あるところに「日曜の午前中がいちばんの売れどき」と教わった車のセールスマンがいました。ところがその時間でもなかなか売れない。報告を受けた上司は「そうか、売れなかったか……」と責めるでもなく残念がるだけでしたが、本人は成績の低迷に悩んで鬱状態になってしまいました。ところが新しく異動してきた上司は彼の「売れなかった」という報告を聞き、「何でだろう? 不思議だね」と驚いたのです。その後しだいにセールスマンは鬱状態を抜け出し、また仕事に打ち込めるようになりました。
くじけやすい人は往々にして、失敗の原因を1つに決めつける癖があります。しかもそれを「自分に能力がなかった」などと、内的で変えにくい要素に求めてしまう。
ところがタフな人は、失敗を別の角度から捉えます。フラれてもすぐ次の恋をする女性は大概、「私がブスだったから」などとは思わず、「男運が悪かった」とか「スカートじゃなくてジーンズが多かったのが悪かった」というふうに考えます。運は自分と関係ない外的な要因ですし、服装はすぐにでも変えられる可変性の高い要素です。それが「次はうまくいくはず」というポジティブな気持ちを誘い出すのです。

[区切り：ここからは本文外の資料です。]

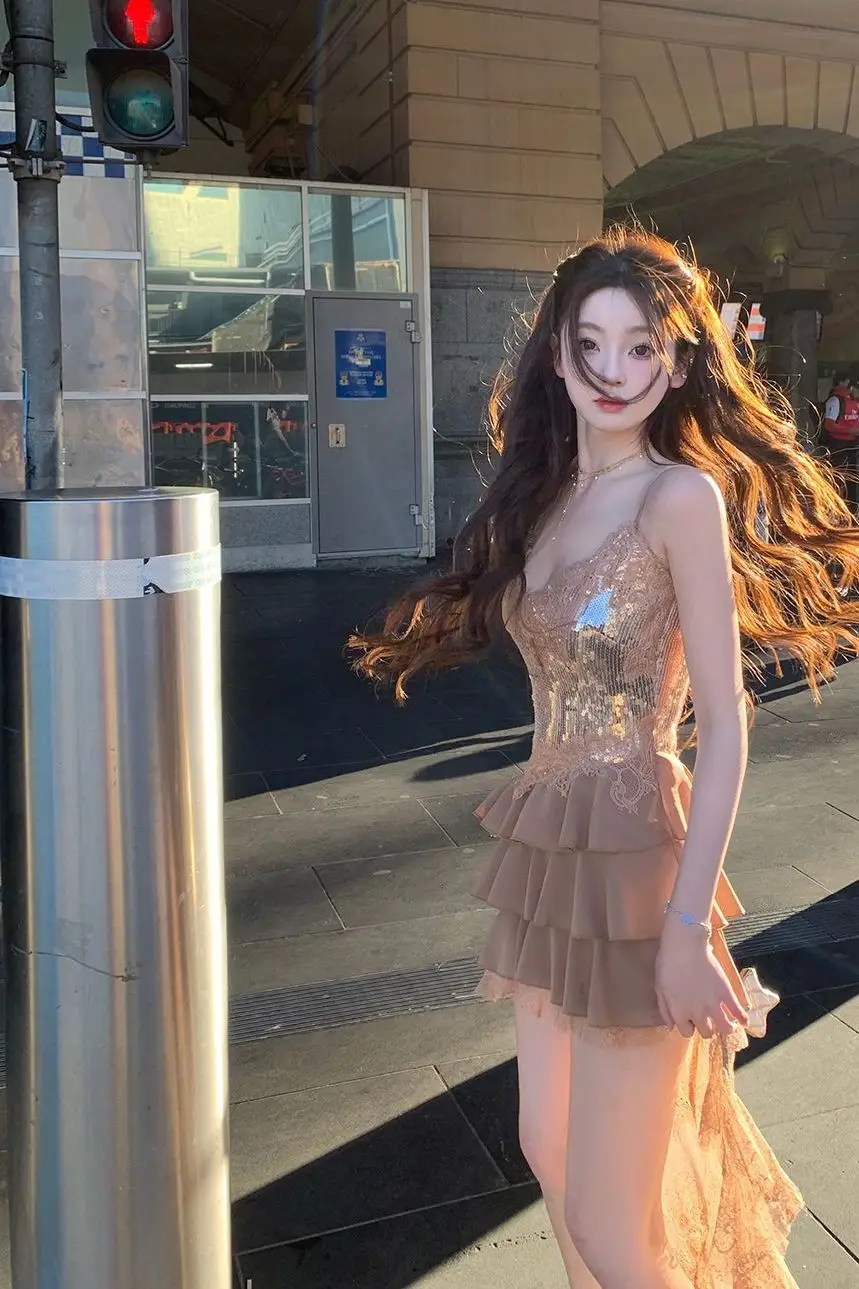 Vestido francês vintage de renda irregular, vestido de tule para mulheres, elegante, malha de lantejoulas, design de bolo em camadas, roupa estética fairycore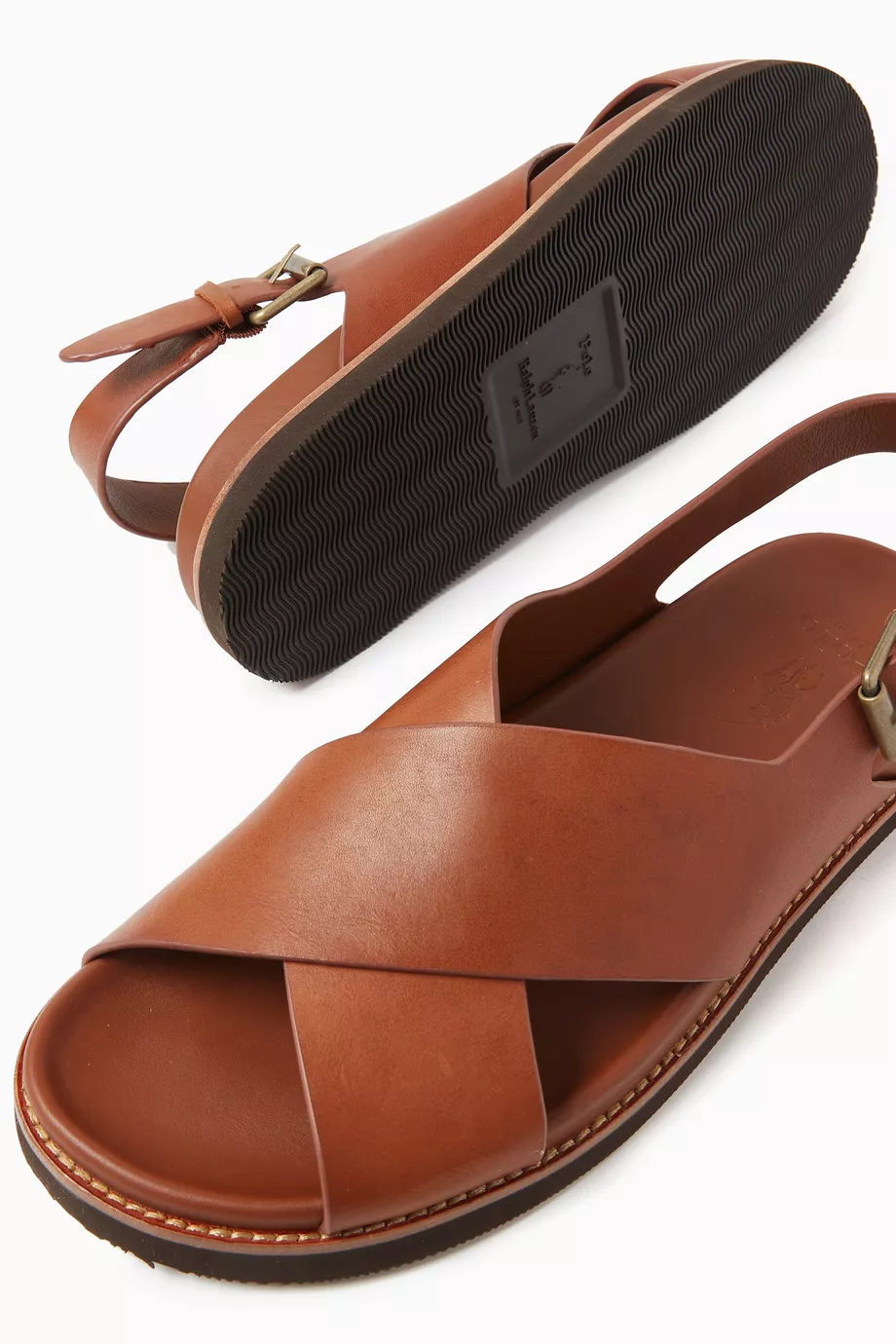 Buy Polo Ralph Lauren Brown Zane Sandals in Leather For Men Online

冒頭で挙げたセールスマンも、はじめは車が売れないのを「自分に能力がないせい」と思い込んでいたのに、新しい上司の「何でだろう?」という言葉がきっかけで、自分の中にも「なぜ?」という疑問が生まれたのですね。それをあれこれ考えるうちに、「自己の能力不足」から「売り方が不適切」という原因の切り替えが起こったと考えられます。売り方が悪いなら、それを変えれば克服は難しくない。
職場で「最近上司の自分を見る目が厳しい。もしかして俺はリストラされるのか」などと思い詰めるのも、因果関係を一方向からしか見ていないために起こること。本当は、上司は娘が受験に失敗して機嫌が悪いだけかもしれません。だからくじけそうだと思ったら、対象を「単眼」でなく「複眼」で見ることが大事なのです。